Local attorney Constance Slaughter-Harvey filed the lawsuit while employed with the Lawyers Committee for Civil Rights under Law in Jackson. The trial began February 28, 1972 and was held in Biloxi with Judge Walter Nixon presiding. On March 20, 1972, an all-white jury returned a verdict and exonerated all defendant law enforcement officers. The verdict was appealed to the Fifth Circuit Court of Appeals which ruled that the force used by law enforcement officers was excessive, yet held that the state and city were protected by immunity.
The appeal to the U. S. Supreme Court was denied almost 10 years after the killings. As with similar cases of this nature, plaintiffs received no relief or remedy for their injuries and suffering. This 50-year commemoration was a difficult time for plaintiffs and family members and others adversely affected. The pain remains, and these officially sanctions killings are difficult to accept even after 50 years.
Our prayers are with the families of Gibbs (Mrs. Dale Gibbs, Phillip, Jr., Demetrius, and granddaughter Cierra), Green’s mother, the late Mrs. Myrtle Burton who transitioned in 2017 and was waiting for state and local officials to apologize for their actions; her daughters, Gloria Jean McCray and Mattie Hull; and injured students, plaintiffs Leroy Kenter, Jr., Vernon Weakley, and Tuwaine Davis Whitehead. It is our hope that this type behavior is a ‘thing of the past.’
During this quarantine, we are able to enjoy several Sunday church services on YouTube and other virtual transmissions. We enjoyed Catholic Mass in Denver where the priest reminded us of God’s love and following Mass, we participated in services conducted at Lynch Chapel U. M. Church with Pastor Shirley Wilder delivering the message.
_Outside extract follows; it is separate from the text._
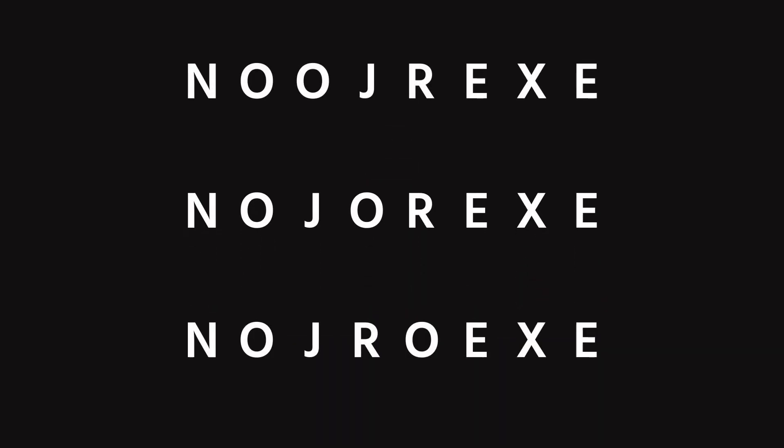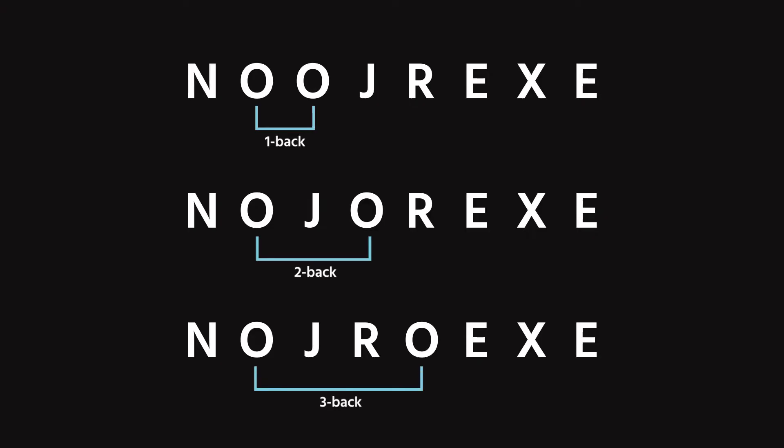The N refers to the number of steps back the participant must remember, and it can vary, providing different levels of difficulty: one back, two back, three back, etc.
The sermon theme was “Choose Jesus!” In times of trouble, turn to Jesus – give him a try; trust and depend on Jesus.
She reminded us to be aware of the side effects of not choosing Jesus in times of need. Jesus can make a difference and He will sustain you if you put your trust in the Lord. Trust and believe in the Lord — He is able. In closing Pastor Wilder encouraged us to trust the Lord, trust the good news, and learn to lean on God.
We concluded Sunday’s church service participation by joining Pastor Sheldon Thomas and his Little Rock M. B. Church family. Rev. Thomas dedicated his message to the 2020 seniors and displayed photos and school information on each of the graduates. That information will be shared in next week’s column which will feature 2020 seniors. The theme of his sermon was “Your Blessings Are Closer than They Appear.” He shared these comments and concerns: Good intentions are no excuse for doing nothing; Break habits that break us; BYOB – Bring Your Own Breakthrough; Your Breakthrough begins where your excuses end; A wrong majority does not make it right; Stop depending on man and look to God; A prudent man takes caution, stay cleans, wears masks, and protects himself; and Playing the blame game is not a balm for healing. In his usual style, his message was spiritually challenging.
Happy birthday greetings to babies born between May 21st and May 30, namely, Jamaryia Mann (21), Nancy Chambers and Araceli Francisco-Coronado (22), Shania Ealy and Aiden Guy (25), Akil Rankin, Lavonshae Spivey and Erma Pace (30) and Rita Parker Johnson (31).
Answer to Quiz Teaser # 567: Ms. Bettye Mae Jack was the first and only Jeanes Supervisor in Scott County. The Middle School in Morton is named in her honor. This position was established and funded by the Anna Jeans Foundation. Its primary purpose was to assist with the education of African American students in southern states.
Quiz Teaser #568: Who is the oldest African American female in Scott County?